§ **INSTRUCTIONS FOR THE TASK**
Leave out any picture and return the remaining listing below exactly as given.

---

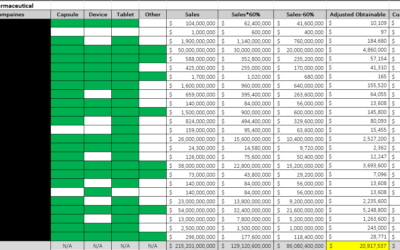 Market Sizing and Opportunity Identification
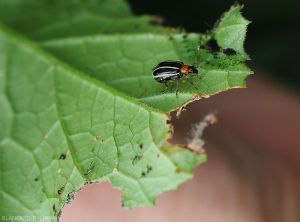 Acalymma-buvittula-Courgette1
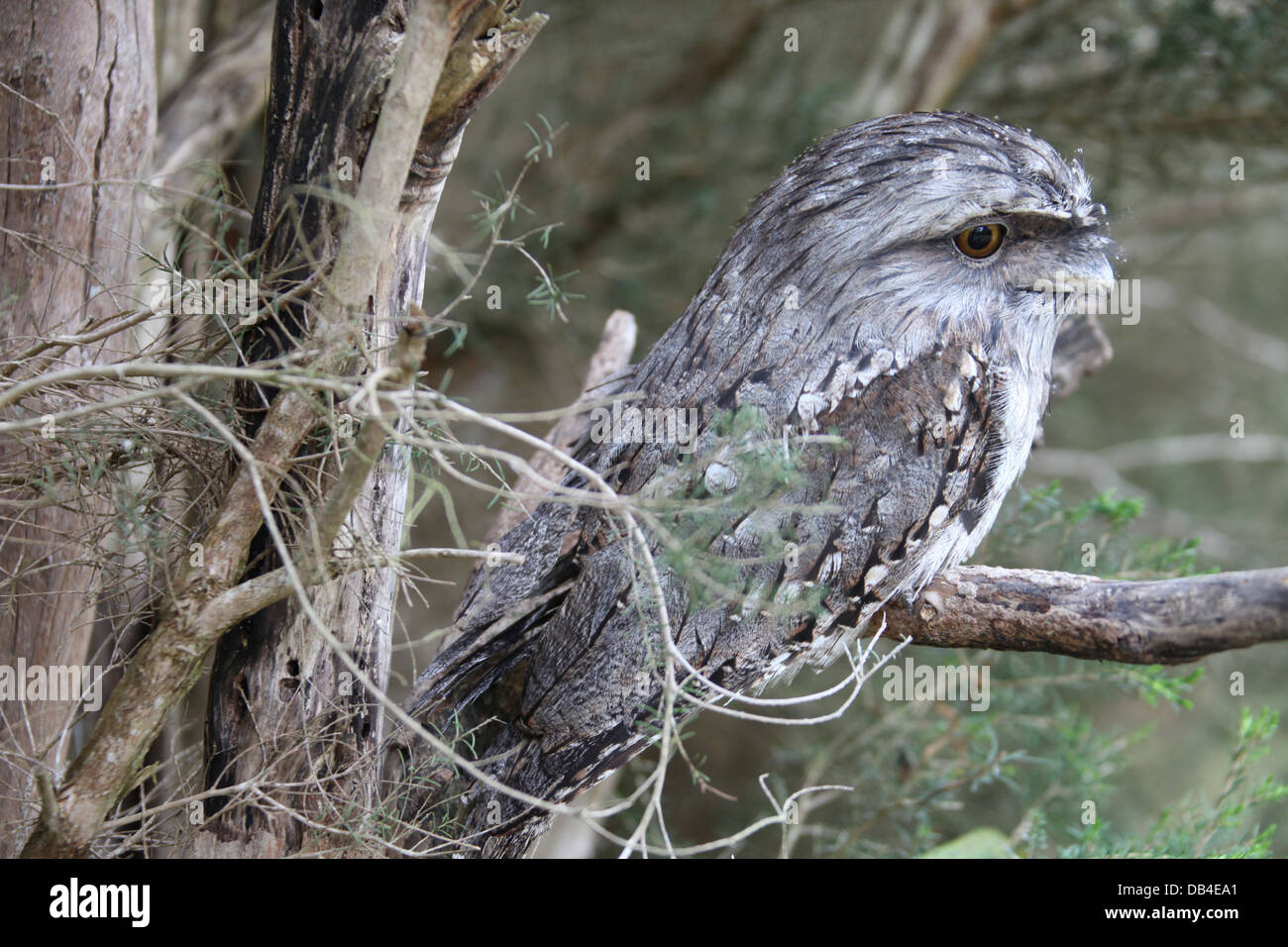 Tawny Frogmouth perched in a tree in Tasmania Stock Photo
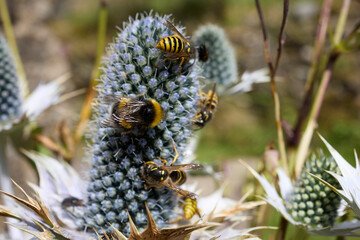 A sunny and warm July afternoon and wasps and flies gorge themselves on nectar from the silver Eryngium on the North Yorkshire smallholding at 900ft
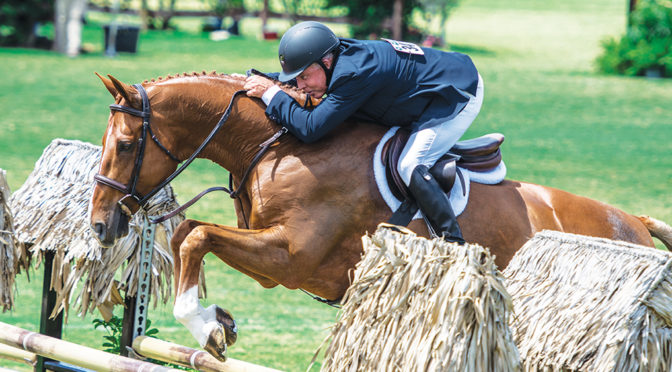 More Than The Competitions Enjoying A Visit To The Winter Equestrian Festival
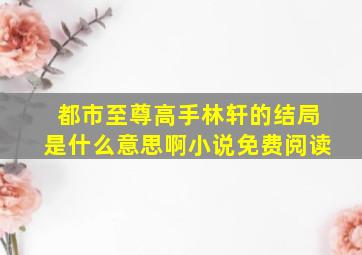 都市至尊高手林轩的结局是什么意思啊小说免费阅读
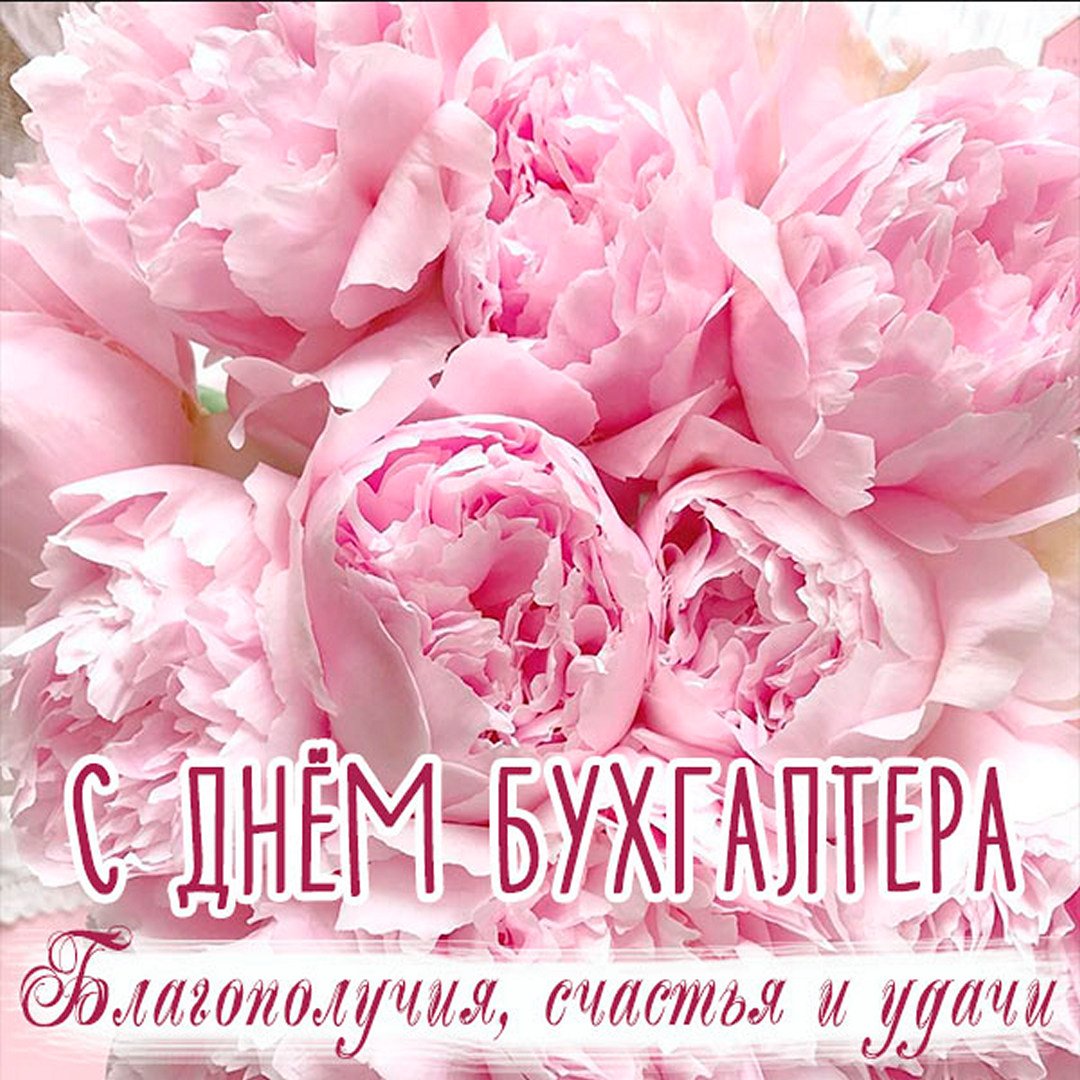Хостинг картинок yapx.ru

---

§ **ANSWER TO THIS EXERCISE**
 Market Sizing and Opportunity Identification
 Acalymma-buvittula-Courgette1
 Tawny Frogmouth perched in a tree in Tasmania Stock Photo
 A sunny and warm July afternoon and wasps and flies gorge themselves on nectar from the silver Eryngium on the North Yorkshire smallholding at 900ft
 More Than The Competitions Enjoying A Visit To The Winter Equestrian Festival
 都市至尊高手林轩的结局是什么意思啊小说免费阅读
Хостинг картинок yapx.ru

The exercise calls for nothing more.